En un primer momento, el arte barroco era considerado vulgar, incluso “kistch”, luego serían las órdenes religiosas (jesuitas, celestinos, teatinios, entre otras) las que contribuirían al desarrollo de este arte cuyo fin era demostrar el poder de la Iglesia de Roma. La búsqueda de este poderío y de esta fastuosidad se encuentra en la gran riqueza de decoraciones que impregna toda la edilicia de Lecce: se advierte no solamente en las decoraciones de iglesias, capillas y mansiones, sino también en toda la edilicia menor, como los balcones, los marcos de las ventanas, las fuentes, los escudos de armas que todavía es posible admirar en todo el centro histórico de la ciudad.
Una ciudad como Lecce permite, asimismo, entender mejor algunas acciones del pontificado del Papa Francisco, jesuita y por lo tanto perfectamente en la línea de abrirse a las tradiciones culturales de los pueblos. Las decoraciones barrocas de Lecce, aunque se trate de los altares, son verdaderas esculturas, y este efecto se debe al uso de la piedra calcárea, típica de la región: son verdaderos “bordados” realizados con el buril en la piedra, que permiten no solamente un extraordinario movimiento, sino también preciosas y delicadas decoraciones.

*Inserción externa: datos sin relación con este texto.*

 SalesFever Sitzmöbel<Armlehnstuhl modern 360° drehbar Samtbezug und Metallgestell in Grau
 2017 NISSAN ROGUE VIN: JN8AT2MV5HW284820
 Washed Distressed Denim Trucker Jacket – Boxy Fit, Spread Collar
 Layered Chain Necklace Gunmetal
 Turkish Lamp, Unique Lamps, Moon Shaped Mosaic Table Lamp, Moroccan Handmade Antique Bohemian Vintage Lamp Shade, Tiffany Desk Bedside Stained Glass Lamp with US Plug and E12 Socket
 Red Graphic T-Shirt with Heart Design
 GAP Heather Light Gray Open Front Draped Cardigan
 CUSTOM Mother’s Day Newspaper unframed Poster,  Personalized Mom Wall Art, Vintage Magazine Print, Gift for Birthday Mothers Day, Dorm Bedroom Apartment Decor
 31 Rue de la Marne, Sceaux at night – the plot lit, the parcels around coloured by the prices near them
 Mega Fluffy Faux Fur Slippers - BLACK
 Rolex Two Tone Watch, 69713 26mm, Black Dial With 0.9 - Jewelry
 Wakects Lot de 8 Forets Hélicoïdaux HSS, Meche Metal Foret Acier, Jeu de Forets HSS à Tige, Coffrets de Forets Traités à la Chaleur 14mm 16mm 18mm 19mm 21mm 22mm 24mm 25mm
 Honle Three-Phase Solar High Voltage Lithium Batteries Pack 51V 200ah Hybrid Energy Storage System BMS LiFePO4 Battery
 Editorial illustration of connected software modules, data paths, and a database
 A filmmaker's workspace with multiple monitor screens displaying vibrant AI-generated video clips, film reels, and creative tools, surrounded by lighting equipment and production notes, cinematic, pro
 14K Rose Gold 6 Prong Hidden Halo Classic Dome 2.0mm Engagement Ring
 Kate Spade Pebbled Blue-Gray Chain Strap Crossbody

Por otra parte, y esto también se aprecia en los caracteres expresivos del barroco, nos encontramos frente no solamente a la exhibición, sino también incluso a la glorificación de la abundancia entendida en sentido agrícola y naturalista con el símbolo de la abundancia por excelencia, la cornucopia: la tierra es el vientre que dona sus frutos porque Dios así lo ha establecido. Por eso, en las fachadas de los edificios barrocos vemos granadas abiertas, frutas y hojas que parecen agitadas por ráfagas de viento que no son otra cosa sino el soplo de Dios, es decir, la “fuerza íntima” de la naturaleza que permite a los frutos de la tierra germinar, florecer y abrirse al sol.
Y a propósito de productos de la tierra y del mar, Apulia es una región muy generosa. El 17 de enero, por ejemplo, el día de San Antonio Abad ningún habitante de Novoli puede comer carne (tampoco los derivados de la leche): toda la comida proviene del mar. Entre los platos típicos que se comen ese días están los ñoquis de bacalao, o cualquier tipo de pescado aliñado con una salsa a base de azafrán, pan rallado y vinagre; mariscos de la zona, regados por los exquisitos vinos locales, entre ellos el “Primitivo” y el “Negroamaro”. Y aunque se comen sobre todo durante la Semana Santa, en cualquier época del año no hay que dejar de probar los “pucce”, esponjosos pancitos rellenos con aceitunas negras.